Monday, August 20, 2012

Tidying the Tomatoes

Growing tomatoes is a little trickier in Texas, at least it is for me.  Once the weather gets hot and dry, my plants always start declining.  Typically, before the end of August I have some brown crunchy plants.  Also the heat prevents them from setting fruit. 

This year was not much different.  After a wonderful spring where I was inundated with tomatoes, the majority of my plants have once again been toasted by summer.  It finally was time to pull them out.  The only two the made the cut were the Porter and the Sugery.

This is NOT how the Sugery Tomato is looking right now

The Porter had been recommended to me by someone local as a tomato that stood up to the summer.  While it isn't producing any fruit, it also isn't dead, so I'm calling it a win.  The Sugery is also not looking great, but not looking horrible, so it also got a reprieve.

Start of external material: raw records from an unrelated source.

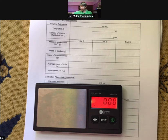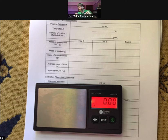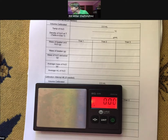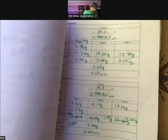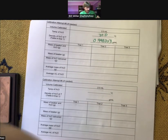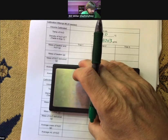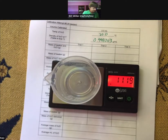I'll empty my beaker. Take the temperature — it's going back and forth between 19.9 and 20.0, spending more time on 20.0. I'll use density at 20.0: 0.998203.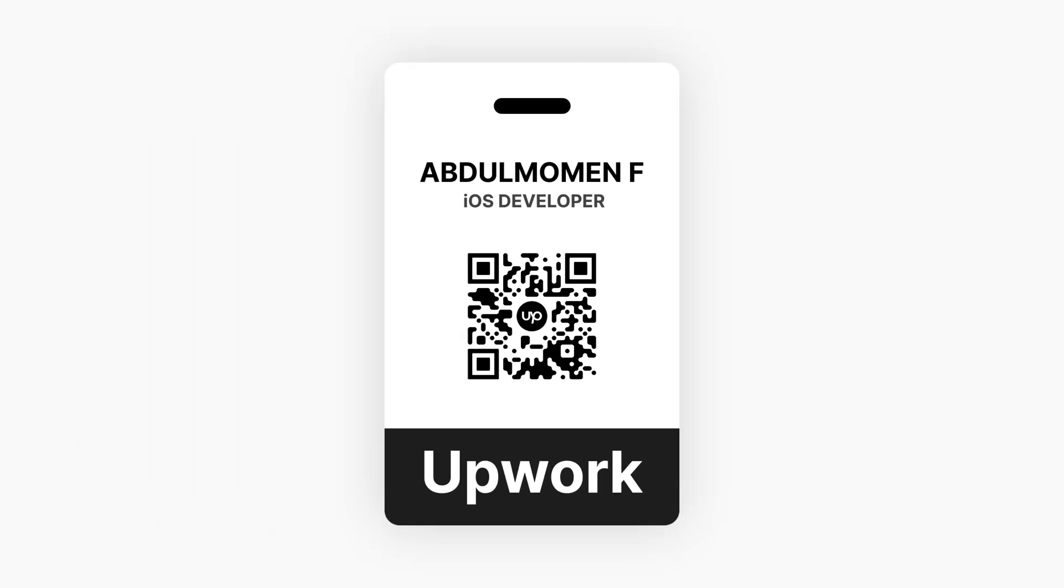One last thing. I'm currently available on Upwork, and I genuinely enjoy building new ideas. Scan the code, and let's talk about your project.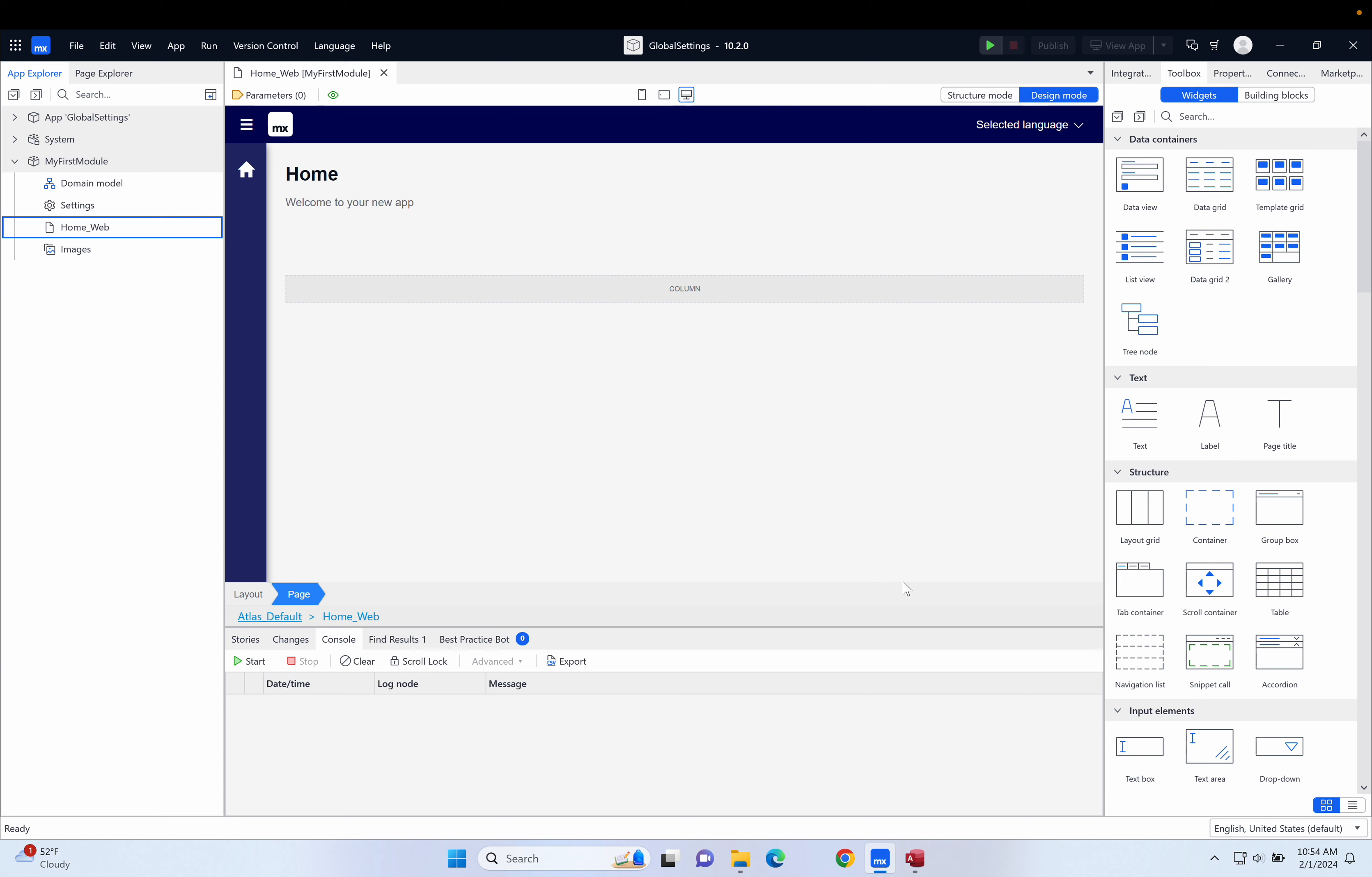It could be things like a percentage increase or a particular name or value, things where there's only ever going to be one of those values. It's not something where there could be multiple instances of them. It's just some sort of setting that you would use in your app.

The back two raised beds in the vegetable garden (Ignore the toasted lawn...we don't water the "grass" back here)
You can see here that taking out the tomatoes had left two of my raised bed virtually empty.  All that's left are the two tomatoes I didn't pull and some strawberries and purslane along the edges.  I have a new batch of fall tomatoes ready to plant.  We just need to create a little temporary shade for them so they can get acclimated to the garden.  Hopefully next weekend.